Sonuç olarak Allah, su ile bize hayat vermiş ve yediğimiz her türlü besini suyla topraktan bitirmiştir. 

Allah, Kuran'da insanlara su hakkında şöyle buyurmuştur: 
“Sizin için gökten su indiren O'dur; içecek ondan, ağaç ondandır (ki) hayvanlarınızı onda otlatmaktasınız.
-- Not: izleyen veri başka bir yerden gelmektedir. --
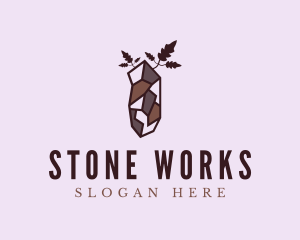 Jewel Stone Premium logo design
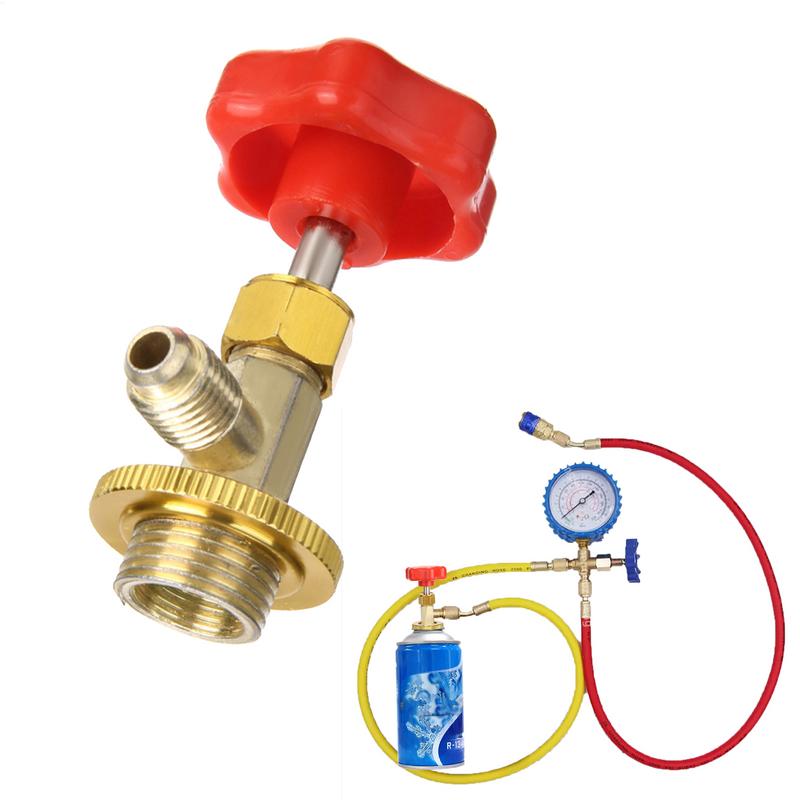 SAE Auto AC Can Tap Valve Bott - مراجعة Switch Opener Tool وسعره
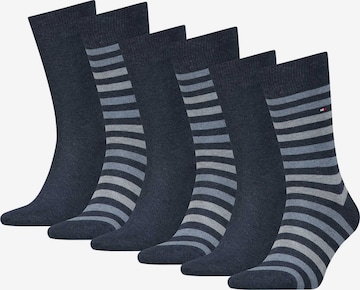 TOMMY HILFIGER Socken in Blau: predná strana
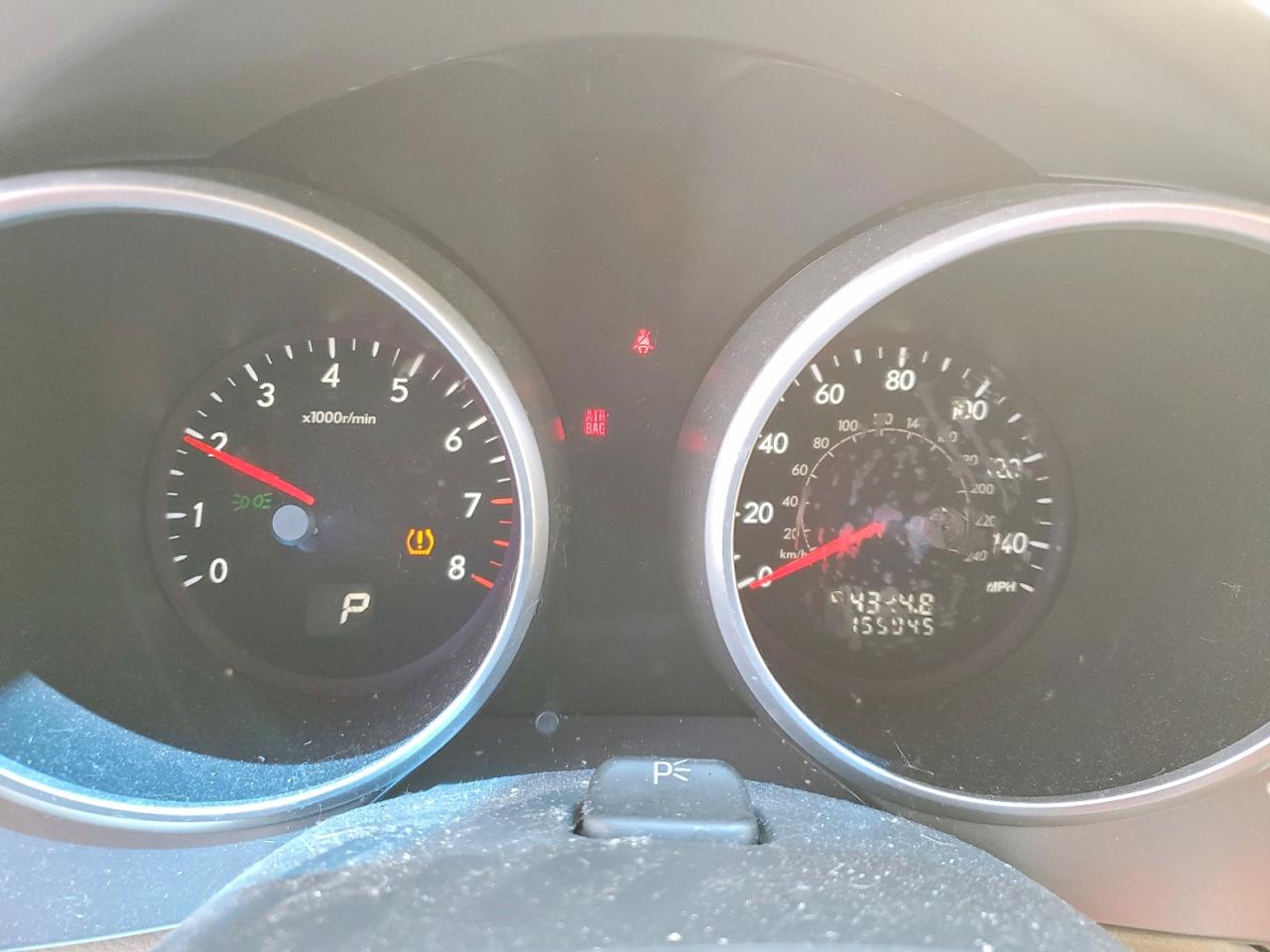 2007 Subaru Tribeca VIN 4S4WX86D374409302 photo 9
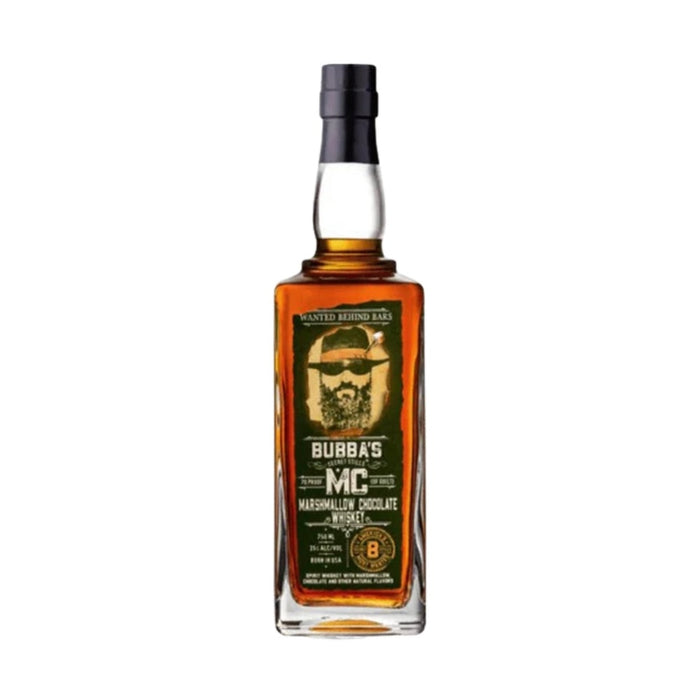 Bubba's Secret Stills - MC Marshmallow Chocolate Flavored Whiskey - TIPXY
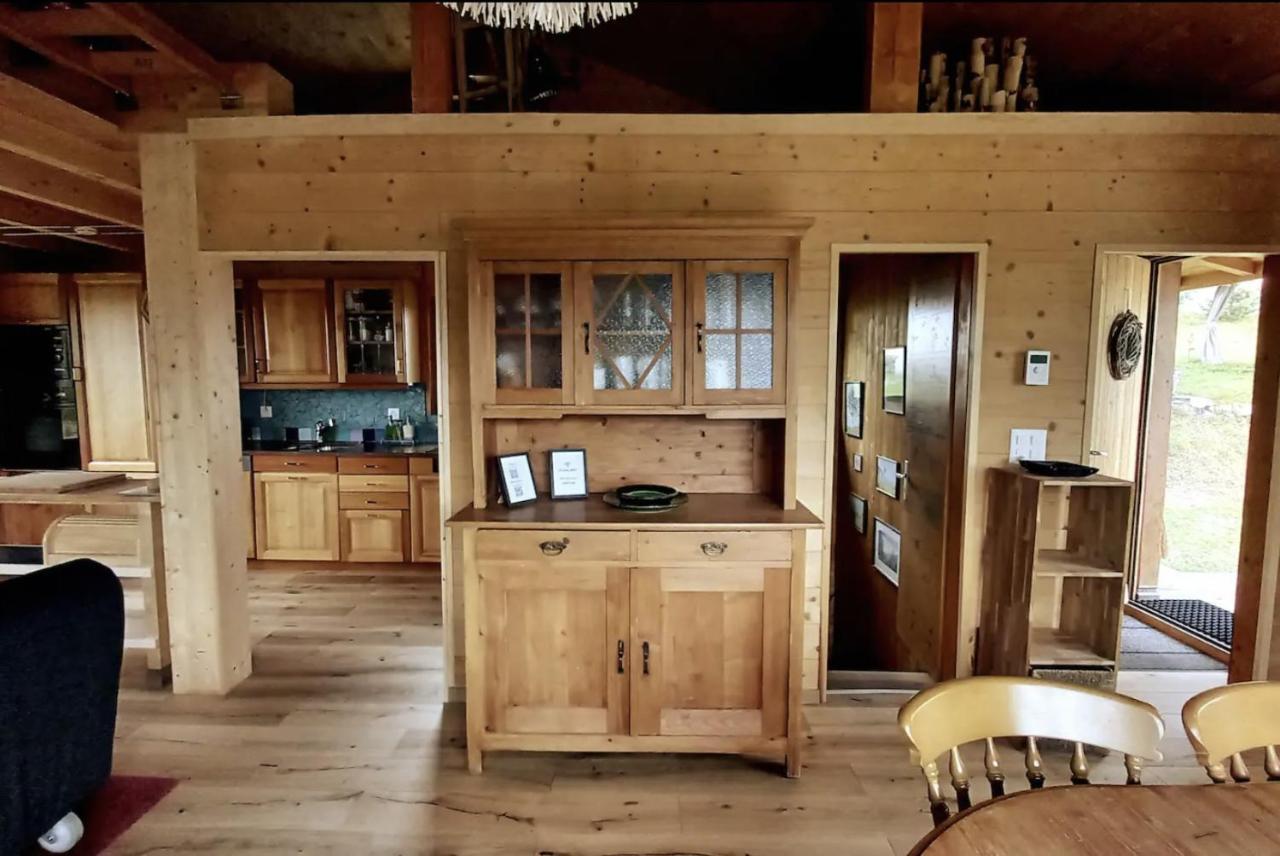 Chalet As Des Pics Nendaz Exterior foto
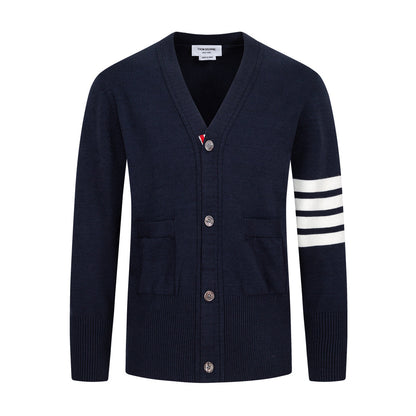 TNOM 2025  Couple knitted cardigan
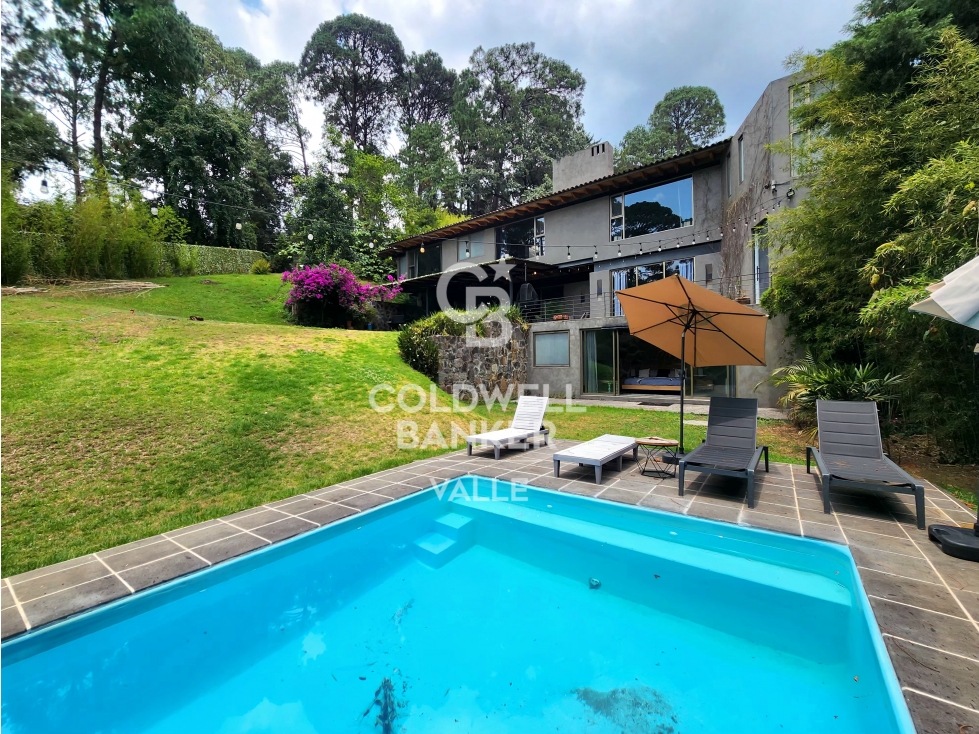 Casa en Renta en Avándaro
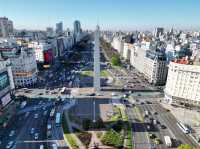 阿根廷🇦🇷獨特的建城紀念碑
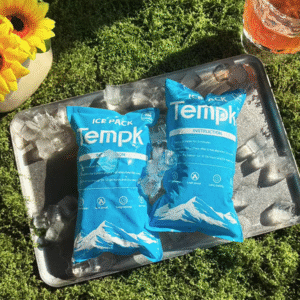 Portable Dry Ice Packs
Onunla sizin için ekin, zeytin, hurmalıklar, üzümler ve meyvelerin her türlüsünden bitirir. Şüphesiz bunda, düşünebilen bir topluluk için ayetler vardır”. (Nahl Suresi, 10-11)


JAPON BİLİM ADAMI MASARU EMOTO YENİ BİR ARAŞTIRMA  DAHA YAPTI ;

İslam'ın en mükemmel ve doğru din olduğu "moleküler" olarak saptandı!
Japon bilim adamı Masaru Emoto, su molekülleri üzerine yaptığı araştırmalarda Kuran okurken veya hoca ezan okurken, sudaki moleküller meydana gelen titreşimle mükemmel bir altıgen dizilime ulaştığını saptadı.
Masaru Emoto kısa bir süre önce Mısır'a giderek Kahire Üniversitesi'nde yaptığı araştırmanın sonuçlarını meslektaşları ile paylaştı.
"İSLAM EN DOĞRU DİN"
Mısır devlet televizyonunda Japon bilim adamının elde ettiği bulgular profesörler tarafından tartışmaya açıldı. Kuran okunurken suyun nasıl değiştiğini tartışan bilim adamları, insan vücudunun yüzde 70'inin sudan oluştuğundan yola çıkarak İslam'ın en doğru din olduğu sonucuna vardı.
Ayrıca Kuran okuyan ve Allah'a duan eden insanların huzur ve mutluluk duymasının sebebinin de bu olduğu öne sürüldü.
Bu konuda daha fazla araştırmalar yapılması gerektiğine işaret eden Mısırlı akademisyenler, Kuran sesinin su moleküllerini değiştirmesi ile ibadet edenlerin şiddetten uzak durması arasında da bir bağlantı olduğunu savundu.